In the first year, the town would be paying the interest – at 5.5 percent – is about $5 million for the amount being borrowed. Carter compared a level-debt structure to a fixed mortgage in which, while the debt payment each year remains constant, reducing the early-year principal payback in order to lower principal and interest payments on the front end, but the level of outstanding debt-to-interest costs stay at a higher level, increasing interest costs over the term of the bond.
“Level principal pays of the outstanding principal faster over the term of the bonds and thus reduces interest costs,” she said.
Because the towns payment declines over time, the assessment to each homeowner will decline over time with level principal. Whereas with level debt the Town pays the same amount every year and assesses that amount to the taxpayers. For example (average homeowner with a 420K house) in year one might save $329 with level debt, by year 30 they pay an extra $569.
Stafford said that is a $26 difference between the two bond structures for the first year.
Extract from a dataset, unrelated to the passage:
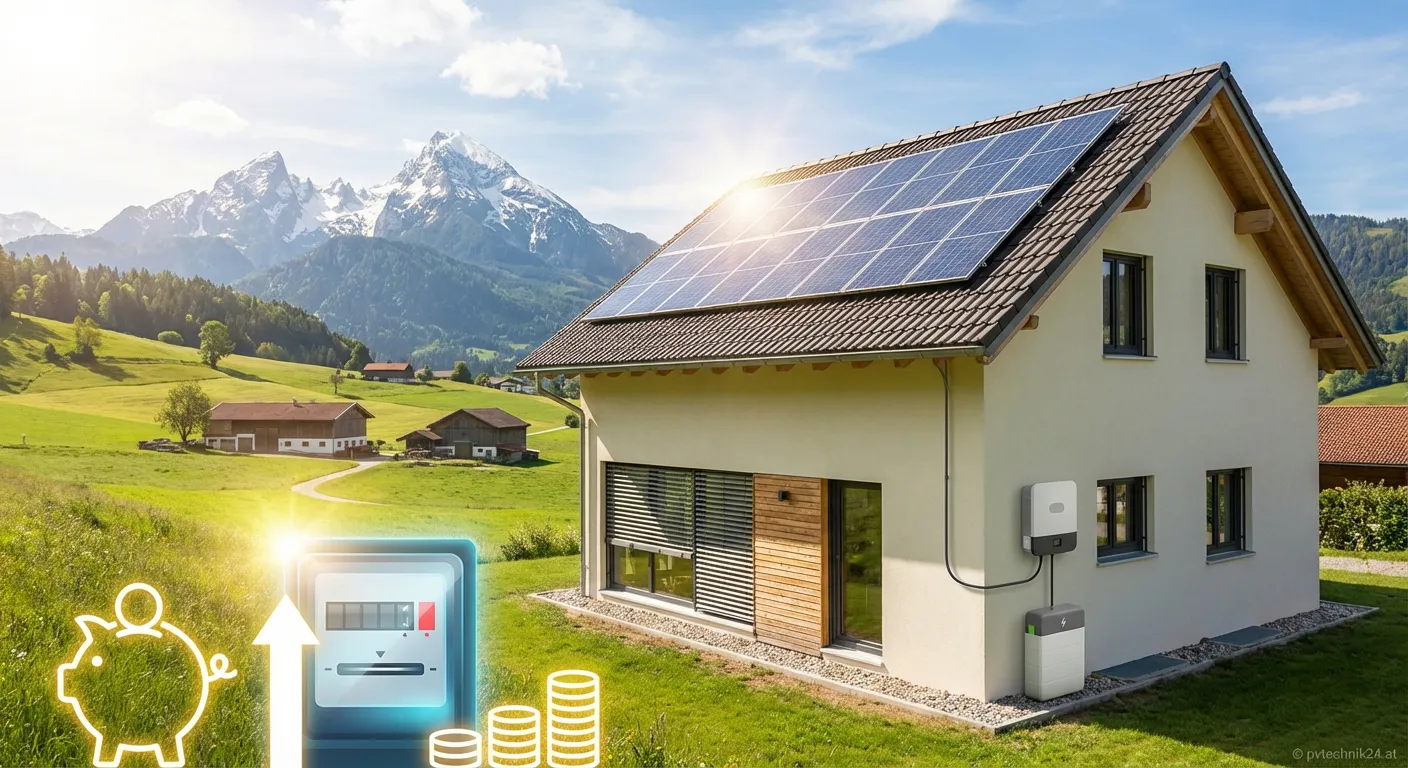 Solarpaneele auf einem österreichischen Hausdach vor Bergpanorama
“In the beginning years, you’re paying less with level debt than you are with level principal, just the first 10,” Carter said. “People have to realize that that difference they see when the first year is quoted as a comparison is only in year one.”
By the eleventh year, however, the level debt structure is costing more than the level principal structure.
“With each year, you can see how it’s getting smaller with each year,” Kain said. “The reason it’s getting smaller is because, you’re still paying the $3 million principal, but the interest is getting slightly smaller each year.”
On the last year of the bond, the town would pay only about $3,150,000 in principal and interest to finish off the debt.
With a level-debt bond, the town pays $6.2 million not only for the first year of the bond, but for all 30 years.
“We also have to think about how it’s going to fit in line with some of the other projects,” Kain said of the school borrowing.
A rumor circulating in town, arguing that the school district can “use the next year to redesign the project as a grades six to eight school without an auditorium can stay in the MSBA pipeline” and still receive funding, is not accurate, school officials have stressed in public forums.
The MSBA has confirmed that the project scope and budget are locked in following the board’s approval and that the MSBA has never allowed a district to substantially change a project after a failed vote or continued a project to move forward under the same statement of interest. If a debt exclusion ballot vote fails the district has 10 days to update the MSBA on the failed vote and any re-vote must be for the same project.
The district would have to submit a new statement of interest and begin the MSBA process over again, with any changes or build any alternative plan at the district’s expense with no MSBA reimbursement.